→ **Material for this task**
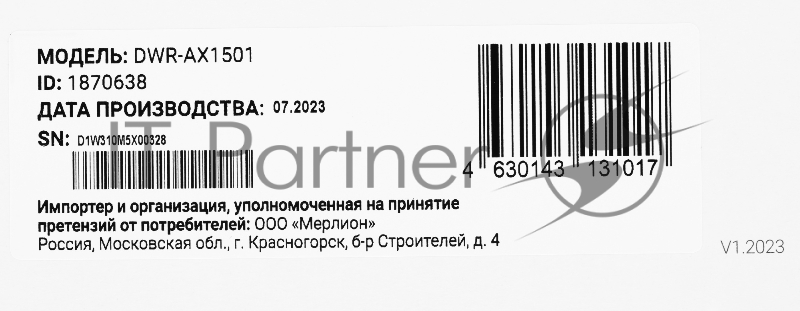 Роутер беспроводной Digma DWR-AX1501 AX1500 10/100/1000BASE-TX черный (упак.:1шт)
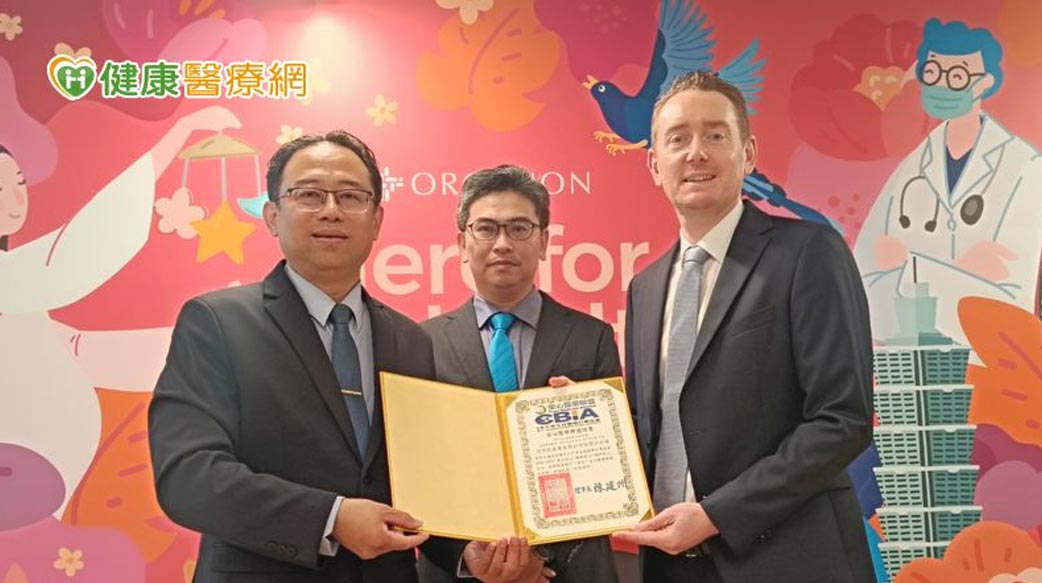 認同安心醫藥供應鏈　荷商歐嘉隆台灣分公司獲頒安心醫藥聯盟表揚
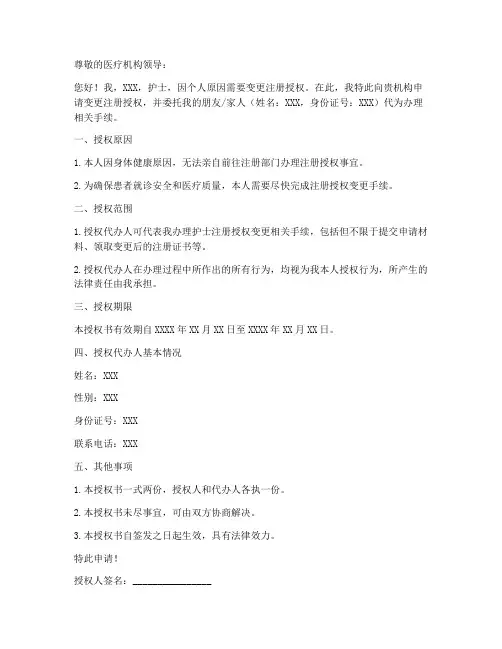 护士变更注册授权委托书模板
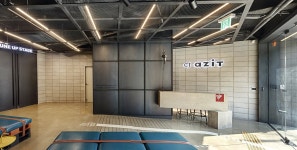 CJ아지트 광흥창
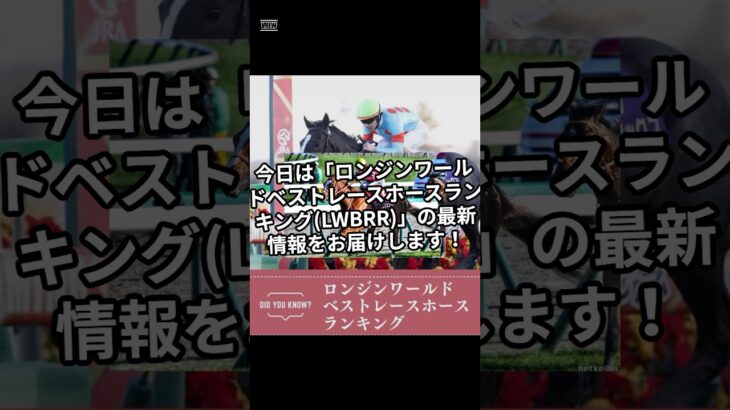 ベストホースランキング 1位はあの馬！ #競馬 #東京競馬予想 #horse #shorts#ランキング #ベストホースランキング #フォーエバーヤング #ロマンチックウォリアー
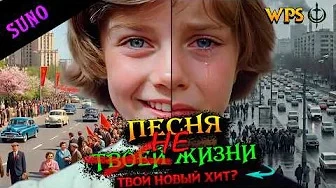 WPS  - "Не прекрасное далёко". Тёмная эпическая опера.  Авторская работа.
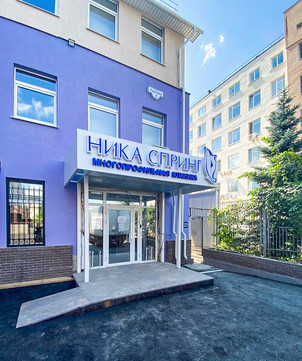 Клиника Ника Спринг, фото №1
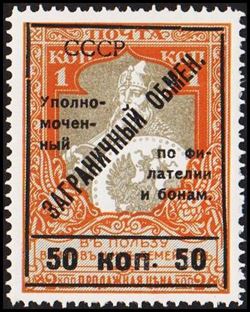 Soviet Union 1925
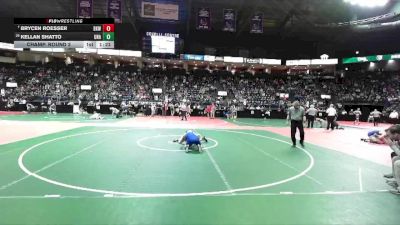 138 lbs Champ. Round 2 - Brycen Roesser, BKW1 vs Kellan Shatto, Unattached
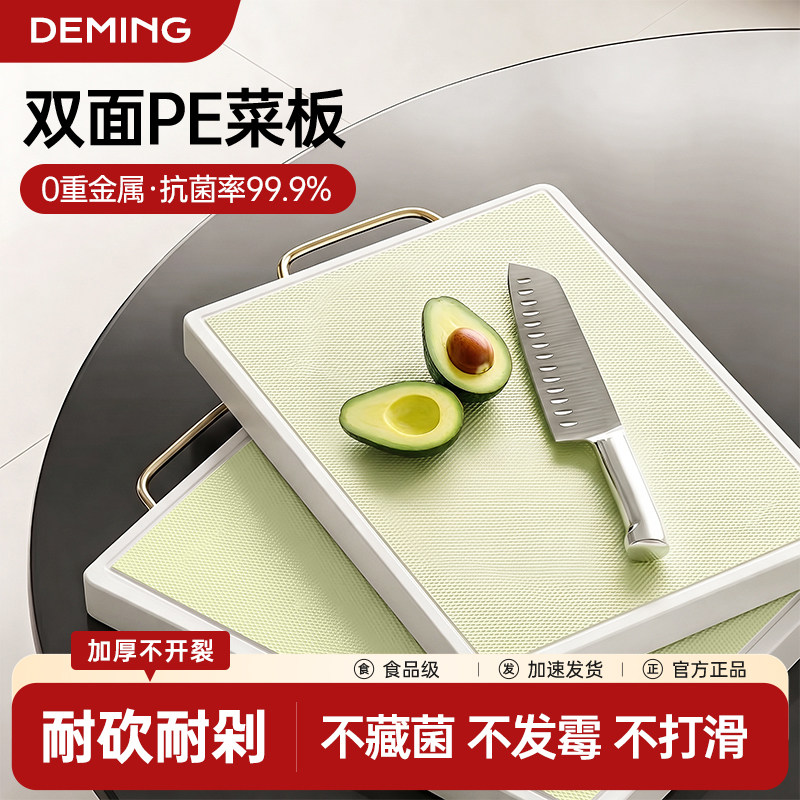 双面PE菜板抗菌防霉厨房家用加厚切菜板食品级案板塑料切水果砧板
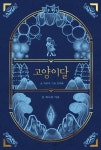 도서관 통합 자료 검색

→ **Exercise**
The entries above must be output exactly, with every image left out.

→ **Problem solution**
 Роутер беспроводной Digma DWR-AX1501 AX1500 10/100/1000BASE-TX черный (упак.:1шт)
 認同安心醫藥供應鏈　荷商歐嘉隆台灣分公司獲頒安心醫藥聯盟表揚
 护士变更注册授权委托书模板
 CJ아지트 광흥창
 ベストホースランキング 1位はあの馬！ #競馬 #東京競馬予想 #horse #shorts#ランキング #ベストホースランキング #フォーエバーヤング #ロマンチックウォリアー
 WPS  - "Не прекрасное далёко". Тёмная эпическая опера.  Авторская работа.
 Клиника Ника Спринг, фото №1
 Soviet Union 1925
 138 lbs Champ. Round 2 - Brycen Roesser, BKW1 vs Kellan Shatto, Unattached
 双面PE菜板抗菌防霉厨房家用加厚切菜板食品级案板塑料切水果砧板
 도서관 통합 자료 검색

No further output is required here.